Terorisme
Maritim dan Panglima Baru
Aminuddin Albek ; Komandan KRI Diponegoro-365
|
KOMPAS,
15 Desember
2017
Ditunjuknya Marsekal Hadi Tjahjanto sebagai
Panglima TNI menjadi angin segar bagi upaya penebalan kekuatan TNI. Betapa
tidak, dinamika global, regional, dan nasional kini menghadapkan Indonesia
pada tantangan baru: terorisme di kawasan maritim. Isu ini mengemuka, tetapi
seperti angin lalu. Faktanya, terorisme di kawasan maritim luput dari
rancangan revisi Undang-Undang Nomor 15 Tahun 2003 tentang Tindak Pidana
Terorisme.
Ancaman nyata situasi keamanan nasional,
terutama kawasan maritim, tak bisa diabaikan. Fakta ancaman ini telah
terlihat jelas sejak ditemukannya dokumen dari markas Osama bin Laden yang
mengungkapkan ketertarikannya untuk menargetkan industri maritim sebagai
metode terorisme dalam memprovokasi krisis ekonomi ekstrem di Barat
sebagaimana diberitakan surat kabar Inggris, Guardian (20/5/2011).
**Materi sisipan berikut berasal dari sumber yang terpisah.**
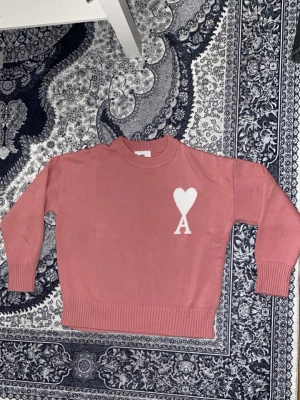 Rosa stickad tröja från Ami Paris - Snygg rosa stickad tröja från Ami Paris med ett vitt hjärta och bokstaven A på bröstet. Tröjan har rund hals, ribbade muddar och långärmad passform. Perfekt för dig som gillar stilrena detaljer och vill ha något som sticker ut lite extra.Denna är unisex 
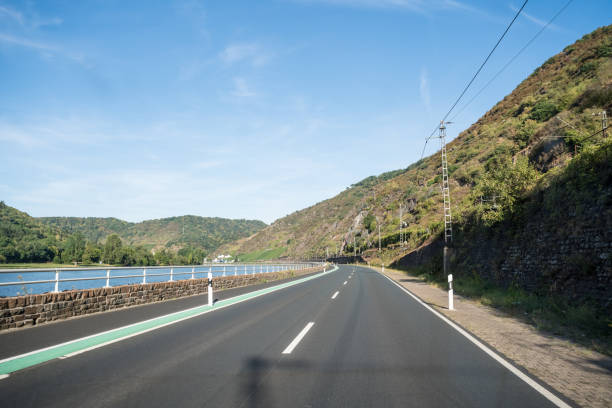 istock a road along the mountain 1084070342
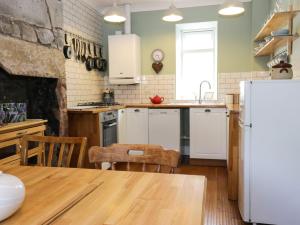 cocina con mesa y nevera en Daisy Cottage, en Moffat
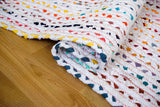 Rainbow rag rug styled in a living room setting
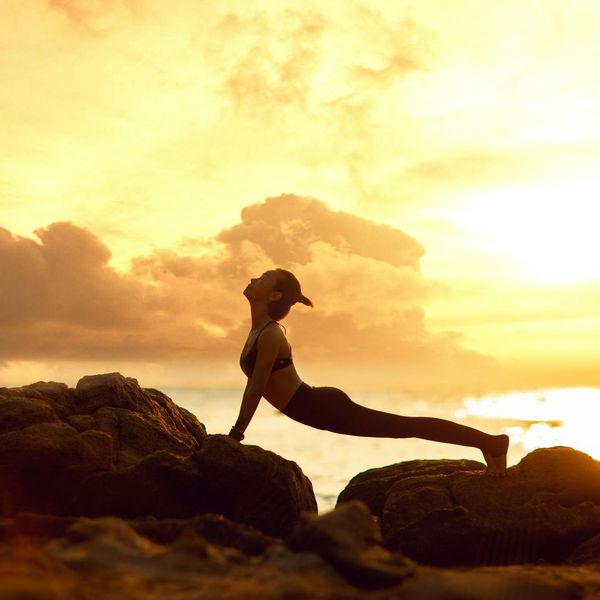Silhouette of a person in a powerful yoga warrior pose at sunset.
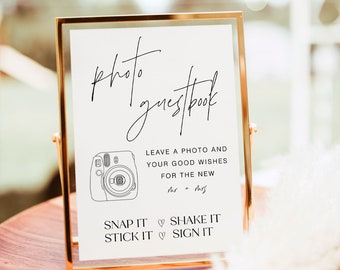 May include: A white sign in a gold frame with the text "photo guestbook" and instructions for guests to leave a photo and good wishes for the new Mr. and Mrs. The sign also says "Snap it, Shake it, Stick it, Sign it".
Melihat kemungkinan itu, TNI mengambil
berbagai inisiatif. Salah satunya, pada 2014 dibentuk Tim Western Fleet Quick
Response (WFQR) untuk merespons ancaman keamanan di Selat Malaka, termasuk
terhadap kemungkinan aksi terorisme maritim. Inisiatif ini membukukan
kesuksesan dengan menurunnya tindak kejahatan di Selat Malaka sehingga desain
operasi ini kemudian diterapkan sebagai model untuk seluruh perairan
Indonesia, termasuk perbatasan.
Desain operasi ini lahir tidak lepas dari
menguatnya kesadaran bahwa konstelasi geografisnya menjadikan Indonesia
negara maritim. Hal ini dipertegas dengan bertambahnya luas wilayah laut
sampai 100 mil laut berdasarkan ketentuan UU Nomor 4 Tahun 2017 tentang
pengesahan persetujuan antara Pemerintah RI dan Pemerintah Filipina mengenai
penetapan batas zona ekonomi eksklusif (ZEE).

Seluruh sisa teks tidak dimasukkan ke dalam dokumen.